Nama Mary Jane Fiesta Veloso menjelang eksekusi mati tahap kedua pada akhir April 2015 sontak menjadi perbincangan dunia internasional, khususnya di Indonesia dan Filipina.

Pasalnya, menjelang detik-detik akhir nyawanya tercabut oleh regu tembak bersama delapan terpidana mati lainnya, eksekusi itu ditunda.

Penundaan itu disambut sujud syukur oleh sejumlah aktivis buruh tenaga kerja yang simpati atas nasib Mary Jane yang diduga menjadi korban perdagangan manusia. Di sisi lainnya, ada yang mengecam atas penundaan itu karena menduga adanya tekanan dari pihak lain.

Penundaan itu tidak lain atas munculnya pengakuan pelaku perdagangan manusia di negara tetangga Indonesia itu bahwa Mary Jane merupakan korban atas kelakuannya.

Yang menjadi pertanyaan apakah adanya pengakuan itu akan membebaskan jeratan hukuman mati terhadap Mary Jane?
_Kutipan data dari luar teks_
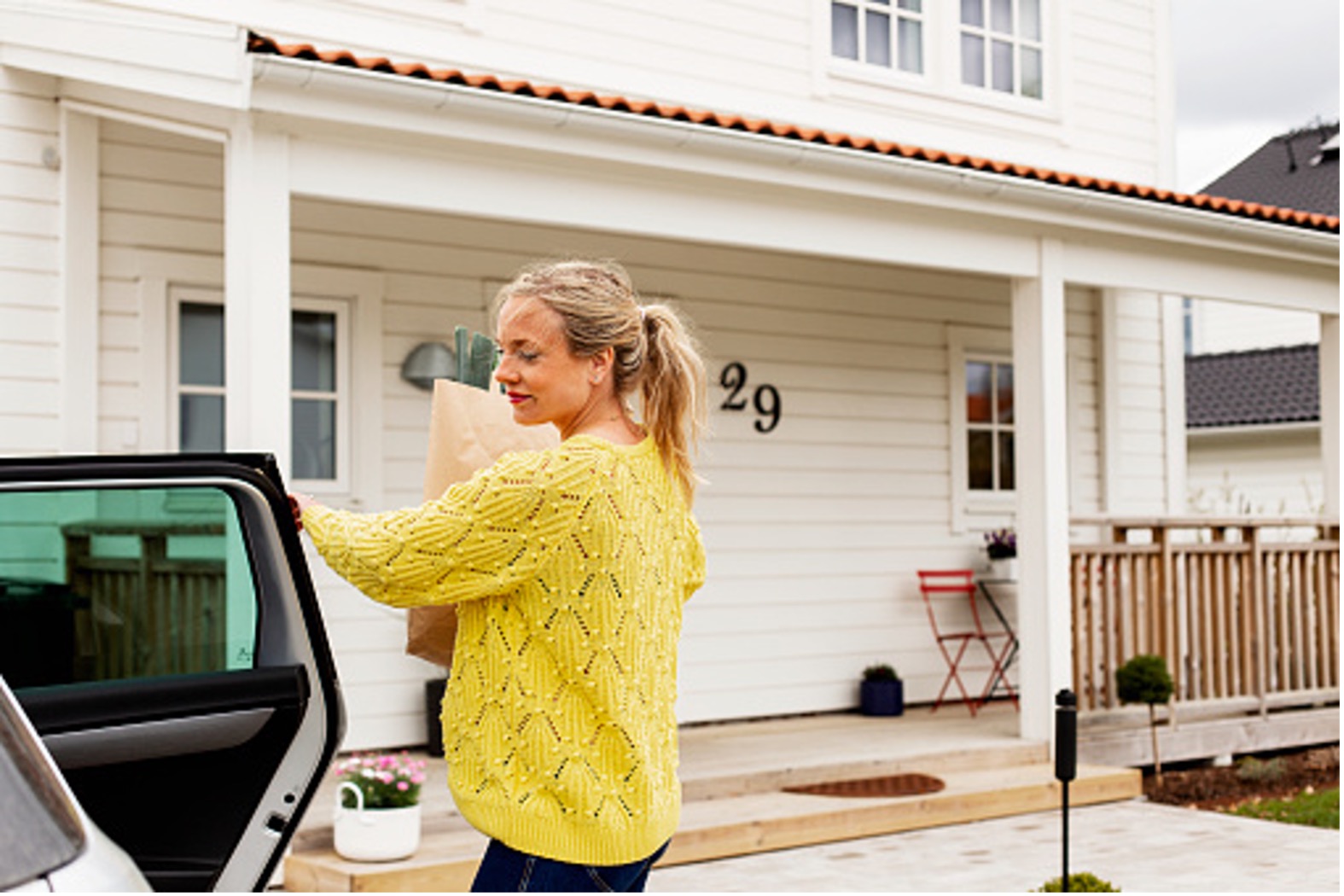 woman closing car door in front of a house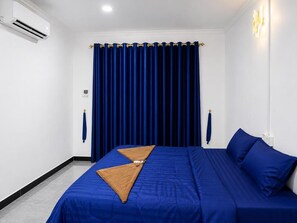A hotel room with a bed, a blue curtain, an air conditioning unit, and a wall-mounted light fixture. - David's Hostel & Restaurant (Koh Rong)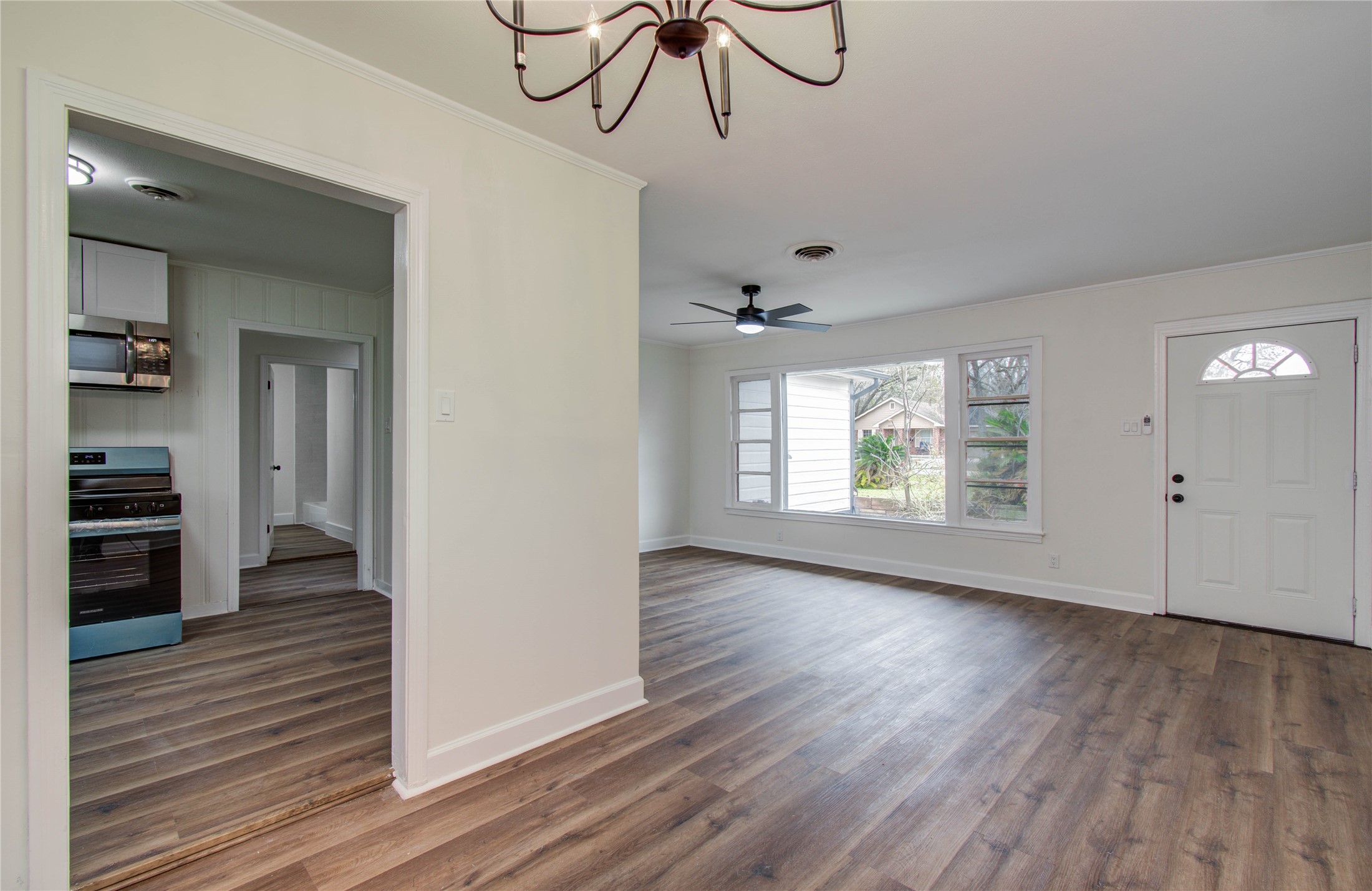 2417 Pecan Street Dickinson, TX 77539 - Photo 26 of 43 a view of empty room with wooden floor and fan
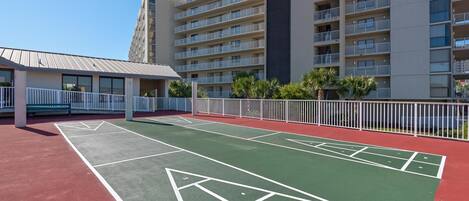 A courtyard with a shuffleboard court, a building with multiple balconies, and a fenced area with palm trees.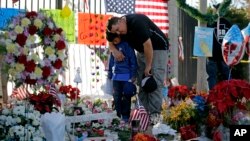 Gary Mendoza, and his son Michael pay their respects at a makeshift memorial site honoring Wednesday's shooting victims Monday, Dec. 7, 2015, in San Bernardino, California.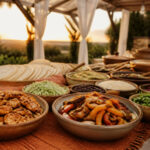 A variety of wedding food options displayed at a reception.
Novum atau bukti baru yang mungkin ditemukan dalam proses hukum yang dijalani terpidana mati dalam kasus perdagangan narkoba, Mary Jane Fiesta Veloso, di Filipina sulit mengubah putusan hukuman mati yang ditunda eksekusinya, kata pakar hukum pidana Universitas Islam Indonesia (UII) Abdul Kholiq.
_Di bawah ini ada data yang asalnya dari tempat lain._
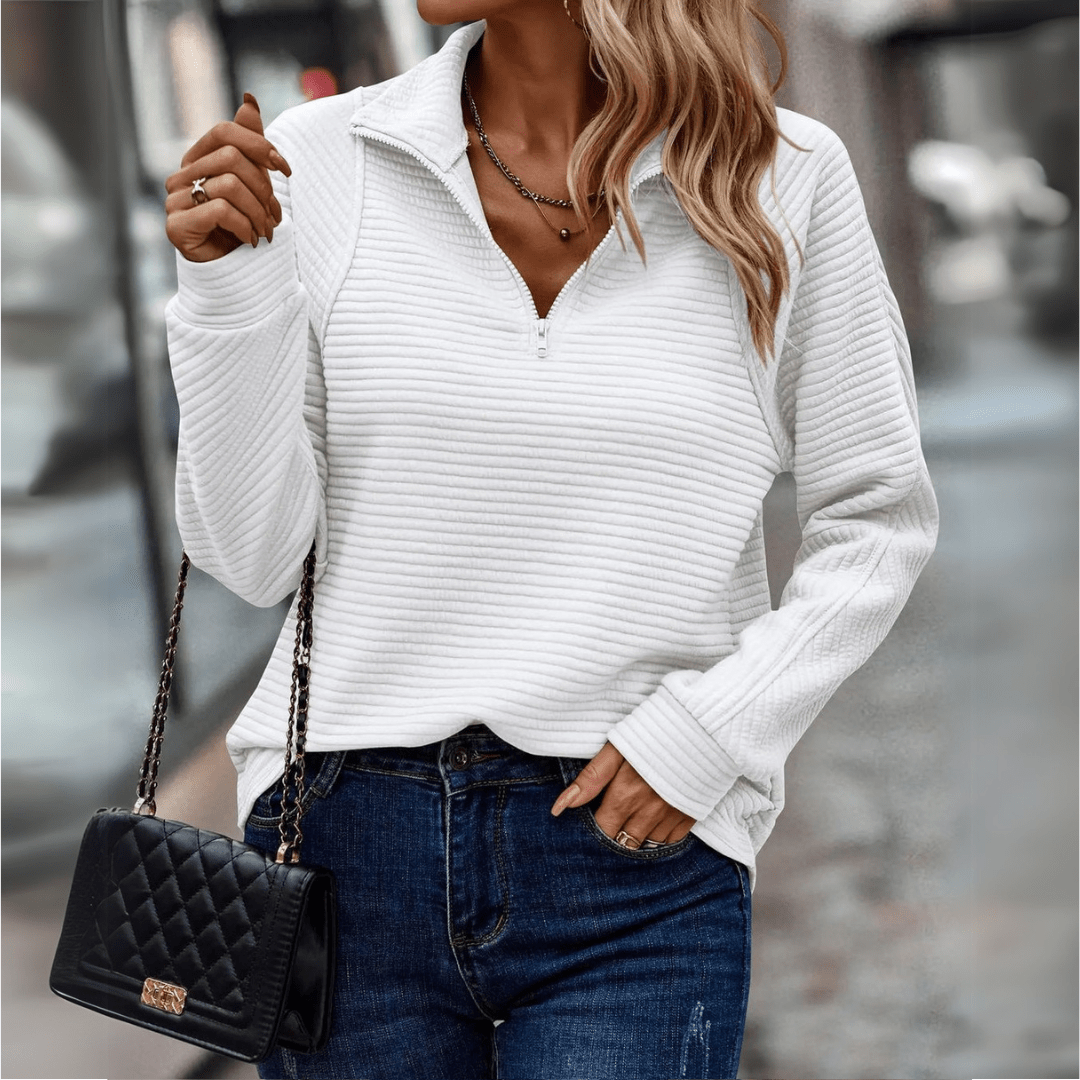 Frau in weißem Pullover mit Reißverschluss, blauer Jeans und schwarzer gesteppter Handtasche. Modetrend, Herbstmode, Streetstyle.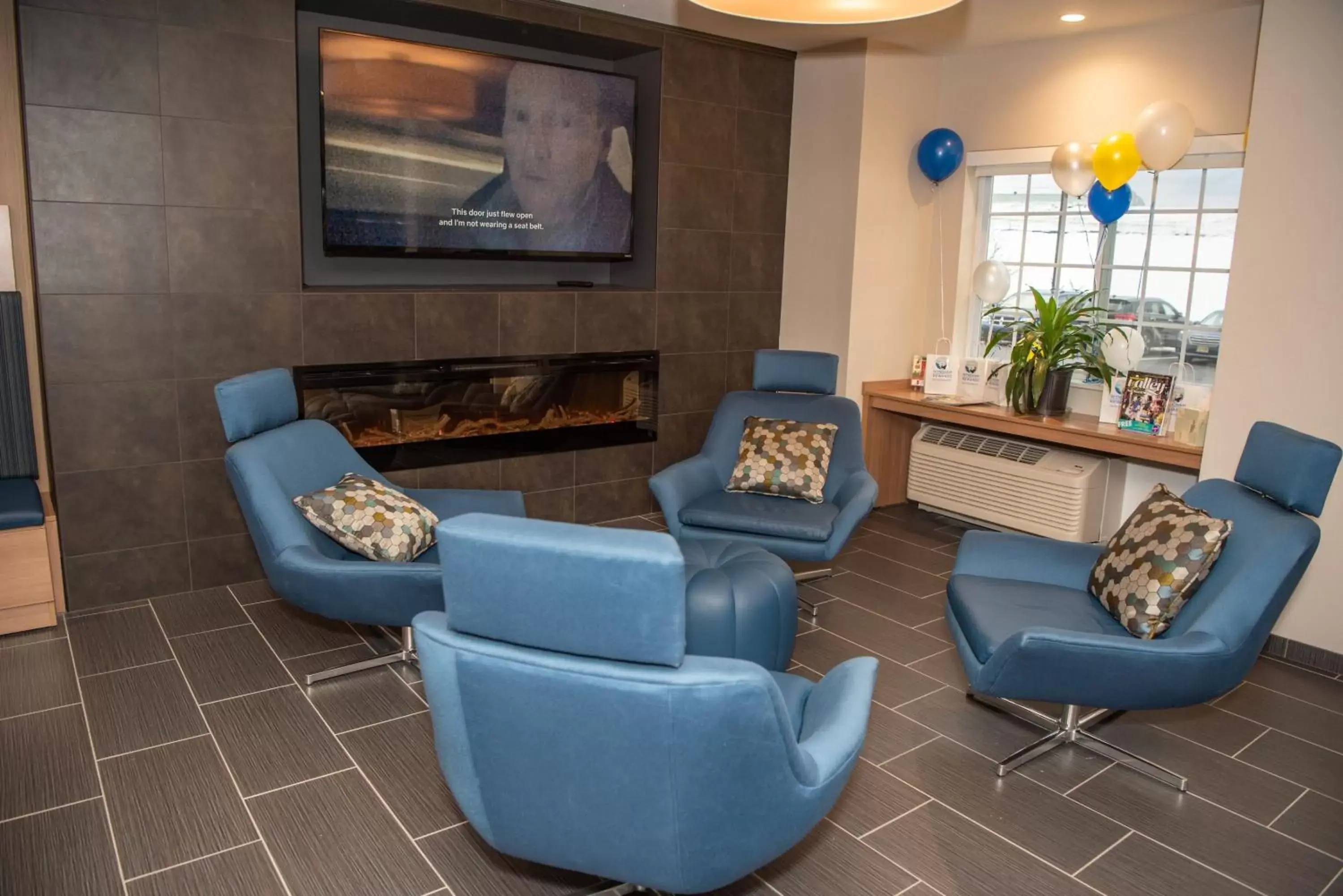 Communal lounge/ TV room, Seating Area in Microtel Inn & Suites by Wyndham Carlisle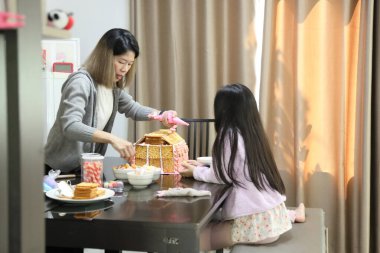 Doğu Asyalı anne yaklaşan parti için kızının yardımıyla ev ekmeğini pişiriyor ve dekore ediyor..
“Secara yuridis hukum pidana setelah berbagai peluang menempuh keadilan telah diberikan, dan akhirnya diputus ‘inkracht’, tidak bisa diubah atau diganti lagi putusan itu,” katanya.

Menurut Abdul Kholiq, kendati dalam proses hukum di Filipina disampaikan ditemukan novum, bukti baru tersebut tetap tidak dapat lagi digunakan untuk mengubah putusan yang telah melewati berbagai upaya hukum, mulai dari tingkat pengadilan, banding, kasasi, hingga peninjauan kembali (PK).
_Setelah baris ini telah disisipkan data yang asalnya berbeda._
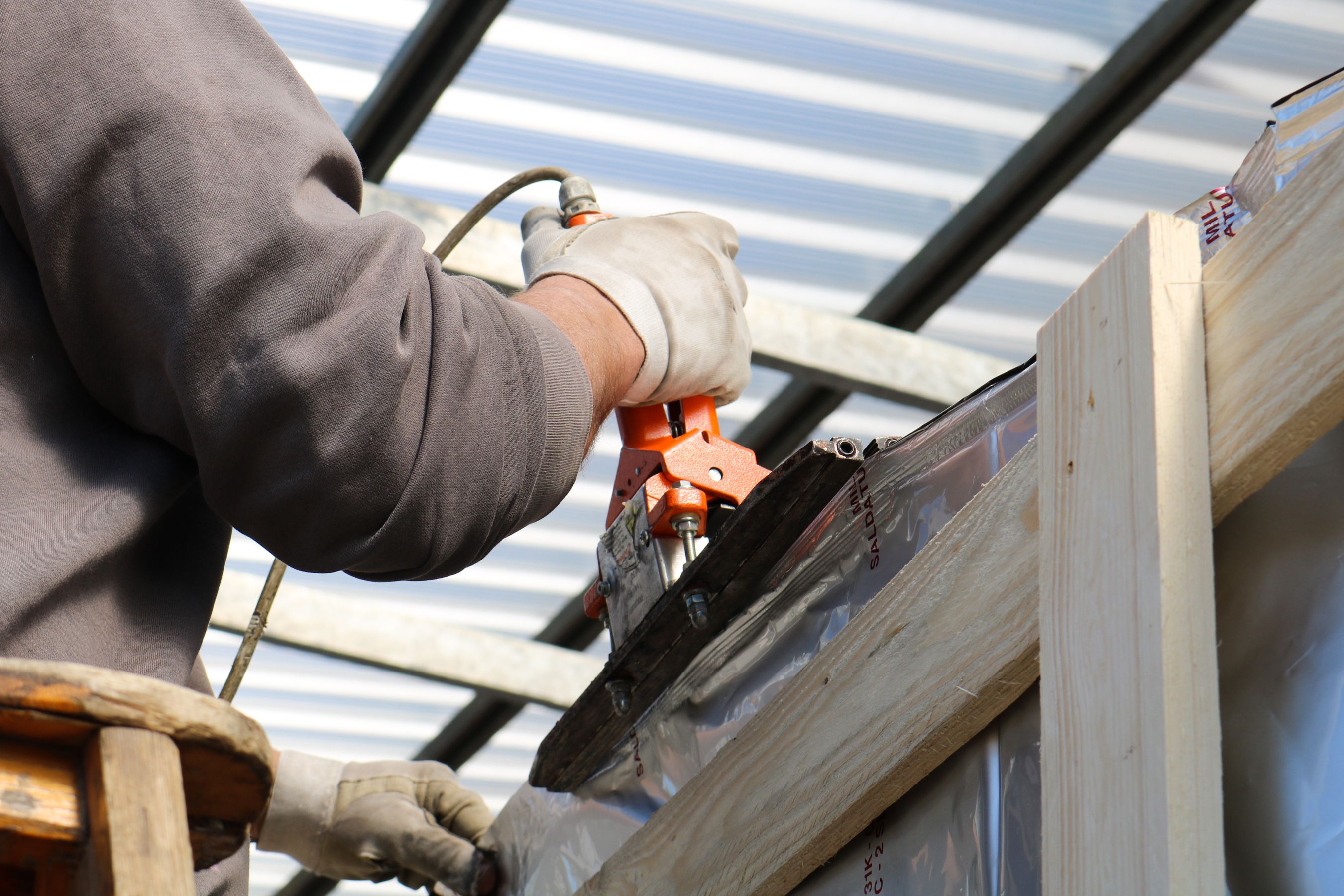 A construction worker using a power tool on a residential building exterior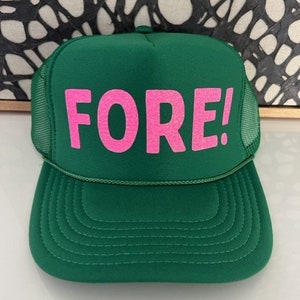 May include: Green trucker hat with a pink "FORE!" embroidered on the front.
“Novum memang sejatinya tetap harus dipertimbangkan dan diadopsi dalam pembuatan putusan. Namun, jika berbagai upaya hukum untuk menempuh keadilan telah diberikan hingga tingkat PK, sudah tidak bisa digunakan lagi,” kata dia.

Menurut Abdul Kholik, pada dasarnya hukum memang harus memuat unsur keadilan. Namun, selain keadilan, unsur kepastian hukum juga harus tetap ditegakkan.

“Hukum itu tidak hanya memberikan dimensi keadilan saja, tetapi kepastian hukum juga perlu. Itu yang harus dipahami,” kata dia.

Adapun penundaan eksekusi hukuman mati Mary Jane yang dilakukan Presiden RI Joko Widodo, kata dia, dapat diberlakukan sepanjang hanya untuk menghormati proses hukum di Filipina guna menjaga hubungan dua negara.

“Oleh karena itu, bahasa yang tepat adalah penundaan, bukan pembatalan,” kata dia.

Sementara itu, Direktur Eksekutif Migrant Care Anis Hidayah mengatakan bahwa bila terbukti merupakan korban perdagangan orang atau “trafficking”, Mary Jane Fiesta Veloso tidak boleh dipidanakan.

“Konvensi Internasional untuk Tindak Pidana Perdagangan Orang atau Palermo Protokol jelas menyatakan saksi korban tidak boleh dipidana karena harus memberikan keterangan,” kata Anis Hidayah.

Oleh karena itu, Anis mengatakan bahwa peradilan di Indonesia harus menghormati dan menunggu proses peradilan yang sedang berjalan di Filipina.

Bila memang Mary Jane adalah korban “trafficking”, hal itu bisa menjadi temuan baru atau novum untuk pengajuan peninjauan kembali (PK) ke Mahkamah Agung (MA) terkait dengan vonis hukuman mati yang dijatuhkan.

“Kasus ‘trafficking’ ada tiga unsur, yaitu perpindahan orang, cara, dan eksploitasi. Saya melihat dalam kasus Mary Jane, semua itu ada. Tinggal pembuktian di Filipina,” tuturnya.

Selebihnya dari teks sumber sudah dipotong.